Provided information ::
=-=-=
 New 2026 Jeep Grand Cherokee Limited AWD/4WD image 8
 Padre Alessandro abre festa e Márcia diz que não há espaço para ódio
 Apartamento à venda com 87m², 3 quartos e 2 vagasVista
=-=-=
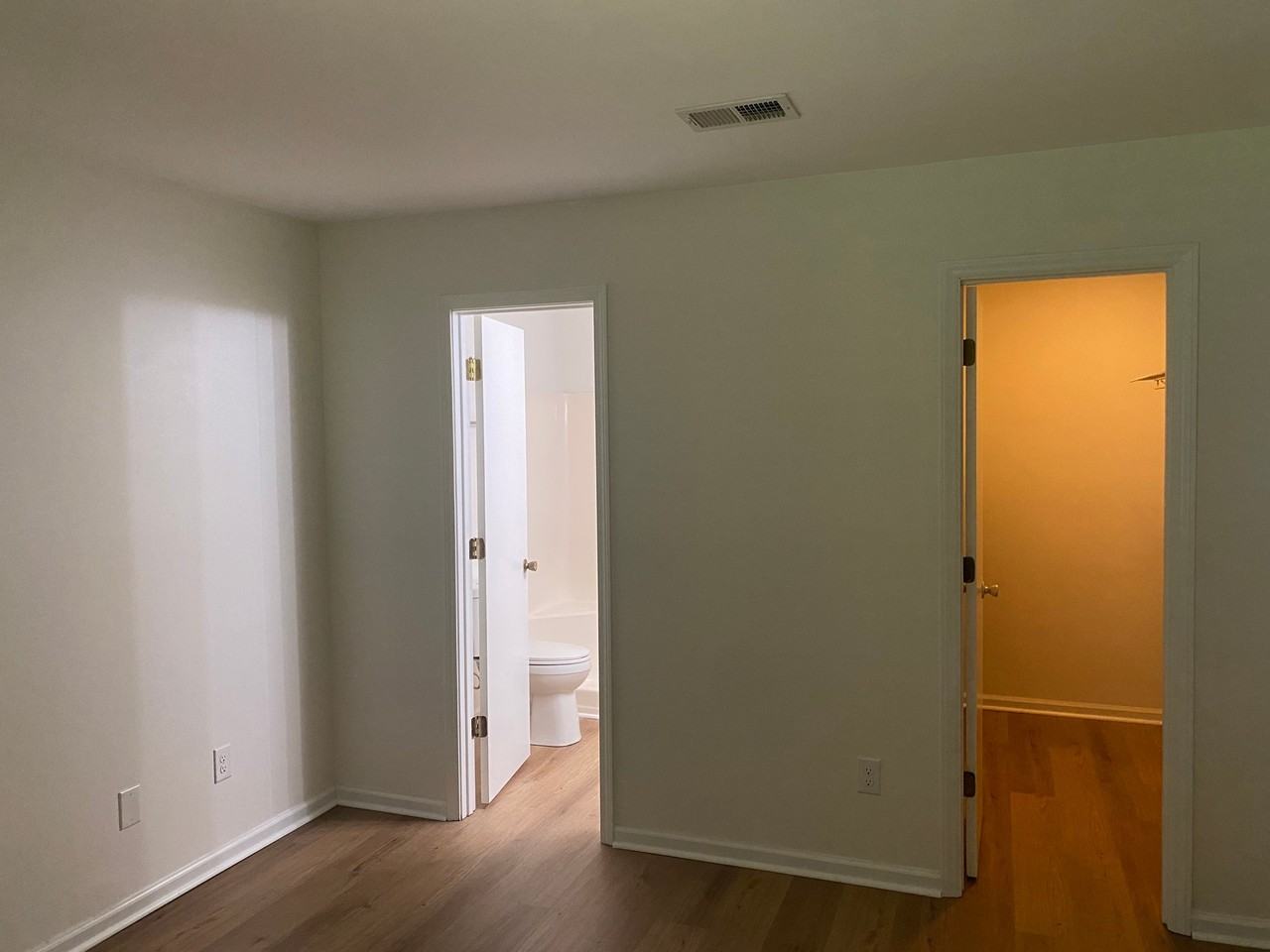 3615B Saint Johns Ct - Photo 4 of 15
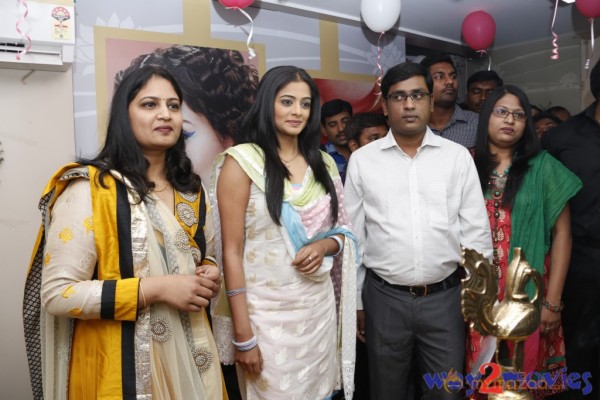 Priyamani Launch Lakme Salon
=-=-=
Requirement ::
Among the entries above, copy exactly only the lines starting with the one containing "New 2026 Jeep" and going through the one containing "Apartamento à venda", both ends included.

Answer to this task ::
 New 2026 Jeep Grand Cherokee Limited AWD/4WD image 8
 Padre Alessandro abre festa e Márcia diz que não há espaço para ódio
 Apartamento à venda com 87m², 3 quartos e 2 vagasVista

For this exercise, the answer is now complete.